──────── Supplied records ────────

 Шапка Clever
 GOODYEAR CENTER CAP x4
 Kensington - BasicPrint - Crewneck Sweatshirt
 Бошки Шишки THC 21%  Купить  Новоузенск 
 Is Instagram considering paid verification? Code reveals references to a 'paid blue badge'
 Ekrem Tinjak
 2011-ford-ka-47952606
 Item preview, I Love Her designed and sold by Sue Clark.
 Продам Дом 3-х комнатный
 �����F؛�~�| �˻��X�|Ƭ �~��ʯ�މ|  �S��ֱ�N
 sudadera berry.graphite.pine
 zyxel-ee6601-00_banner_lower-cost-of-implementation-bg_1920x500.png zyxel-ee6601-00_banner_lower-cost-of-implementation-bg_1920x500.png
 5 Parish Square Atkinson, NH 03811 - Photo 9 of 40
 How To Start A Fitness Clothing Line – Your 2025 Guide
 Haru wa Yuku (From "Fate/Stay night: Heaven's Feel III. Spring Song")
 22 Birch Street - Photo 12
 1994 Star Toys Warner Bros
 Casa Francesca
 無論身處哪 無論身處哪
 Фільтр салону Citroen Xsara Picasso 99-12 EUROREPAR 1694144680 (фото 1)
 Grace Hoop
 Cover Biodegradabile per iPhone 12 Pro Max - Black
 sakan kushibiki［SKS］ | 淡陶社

────────

» What this task involves
Without changing a single word, reproduce the entries above.

» Solution to this problem
 Шапка Clever
 GOODYEAR CENTER CAP x4
 Kensington - BasicPrint - Crewneck Sweatshirt
 Бошки Шишки THC 21%  Купить  Новоузенск 
 Is Instagram considering paid verification? Code reveals references to a 'paid blue badge'
 Ekrem Tinjak
 2011-ford-ka-47952606
 Item preview, I Love Her designed and sold by Sue Clark.
 Продам Дом 3-х комнатный
 �����F؛�~�| �˻��X�|Ƭ �~��ʯ�މ|  �S��ֱ�N
 sudadera berry.graphite.pine
 zyxel-ee6601-00_banner_lower-cost-of-implementation-bg_1920x500.png zyxel-ee6601-00_banner_lower-cost-of-implementation-bg_1920x500.png
 5 Parish Square Atkinson, NH 03811 - Photo 9 of 40
 How To Start A Fitness Clothing Line – Your 2025 Guide
 Haru wa Yuku (From "Fate/Stay night: Heaven's Feel III. Spring Song")
 22 Birch Street - Photo 12
 1994 Star Toys Warner Bros
 Casa Francesca
 無論身處哪 無論身處哪
 Фільтр салону Citroen Xsara Picasso 99-12 EUROREPAR 1694144680 (фото 1)
 Grace Hoop
 Cover Biodegradabile per iPhone 12 Pro Max - Black
 sakan kushibiki［SKS］ | 淡陶社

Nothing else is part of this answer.